DOÑA MATILDE.-  Vaya, despáchate en abrir la reja... mira que creo que ya ha dado la media.

BRUNO.-  Qué había de dar, no, señora... ni por pienso... Dios nos libre de que hubiera dado.

DOÑA MATILDE.-  ¿No abres?

BRUNO.-  Aquí tengo la llave; pero antes reflexione usted, hija mía, la pesadumbre que va usted a dar a su padre con este escándalo... y lo que...

DOÑA MATILDE.-  ¿Oyes ahora la media?

BRUNO.-  ¡Virgen del Tremedal!...  (Corriendo a la ventana.)  ¡Allá va, allá va!...  (Gritando a DON EDUARDO.) 

DOÑA MATILDE.-  ¡Cómo! ¿A quién gritas?

BRUNO.-  Nada, nada.

DOÑA MATILDE.-  ¡Ah traidor, ya te entiendo!... pero antes que vengan a sorprendernos apelaré a mi último recurso.  (Hace como que saca las píldoras.) 

BRUNO.-  Tenga usted el brazo.  (Corriendo a DOÑA MATILDE.)  Tire usted esas píldoras, que es a don Eduardo a quien yo avisaba...  (Vuelve a la ventana.)  ¡Allá va, allá va!... Repito que es don Eduardo a quien yo...  (Vuelve a DOÑA MATILDE.)  ¡Ay qué sudor frío me ha entrado!

DOÑA MATILDE.-  ¿Pues por qué no me decías que don Eduardo estaba ya esperándome?

BRUNO.-  Porque... porque... bueno estoy yo ahora para decir el porqué de nada, y si me sangraran...

DOÑA MATILDE.-  En suma, ¿quieres o no quieres abrir la reja?

BRUNO.-  En este instante... (Empecemos al menos por salvar dos vidas...) ¡Qué premiosa está!

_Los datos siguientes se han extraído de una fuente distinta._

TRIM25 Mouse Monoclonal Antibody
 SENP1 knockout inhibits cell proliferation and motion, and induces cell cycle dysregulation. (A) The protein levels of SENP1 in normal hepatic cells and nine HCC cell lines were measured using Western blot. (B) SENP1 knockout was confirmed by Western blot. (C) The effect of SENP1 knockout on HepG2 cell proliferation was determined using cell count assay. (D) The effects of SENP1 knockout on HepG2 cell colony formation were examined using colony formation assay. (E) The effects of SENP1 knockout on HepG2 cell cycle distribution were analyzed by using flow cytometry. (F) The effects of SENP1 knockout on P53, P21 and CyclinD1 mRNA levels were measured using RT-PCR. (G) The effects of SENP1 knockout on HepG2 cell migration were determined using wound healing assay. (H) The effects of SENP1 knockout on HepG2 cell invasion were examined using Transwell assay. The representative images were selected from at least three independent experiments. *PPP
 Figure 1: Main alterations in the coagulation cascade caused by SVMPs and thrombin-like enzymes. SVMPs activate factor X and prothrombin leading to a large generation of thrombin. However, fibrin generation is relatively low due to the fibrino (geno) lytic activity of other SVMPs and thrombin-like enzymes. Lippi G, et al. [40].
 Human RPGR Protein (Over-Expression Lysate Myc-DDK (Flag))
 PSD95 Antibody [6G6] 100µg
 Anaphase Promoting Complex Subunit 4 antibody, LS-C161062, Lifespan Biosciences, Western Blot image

DOÑA MATILDE.-  Pon luego una silla.

BRUNO.-  Pongo una silla.

DOÑA MATILDE.-  ¿Y está ya don Eduardo?

BRUNO.-  Le estoy tocando con la mano la copa del sombrero.

DOÑA MATILDE.-  Entonces... ¿dónde dejaré la carta para papá?... y muy contenta que estoy con ella... ¡Oh!, me ha salido muy tierna y muy respetuosa... mucho más tierna que la de Clari en la ópera... Aquí la pondré sobre la mesa... ahora, vamos... No, me falta todavía que implorar al cielo, y rogar también por mi padre.

BRUNO.-  ¡Si la tocara Dios en el corazón!

DOÑA MATILDE.-  Ahora quiero besar la poltrona  (Se levanta.)  en que duerme papá la siesta... la mesa... la jaula de la cotorra... adiós, muebles queridos... adiós, paredes que me guarecisteis durante mis primeros... mis más dichosos años... y que quizá no volveré a ver más... Dame la mano, Bruno... adiós, Bruno... que seas feliz... que me vengas a ver... ¡ay, que me caigo...!

BRUNO.-  No tenga usted cuidado... y déjese usted ir... ¡Maldito alfiler!

DOÑA MATILDE.-  Que consueles a mi padre.

BRUNO.-  ¡A buena hora mangas verdes! Téngala usted, don Eduardo... así... ya llegó al suelo... Y corren como gamos... y ya llegan a la iglesia... y ya entran... y... Dios los haga buenos casados... Quitémonos ahora de la reja... cerrémosla... y cuidemos antes de todo esconder el espadín de acero.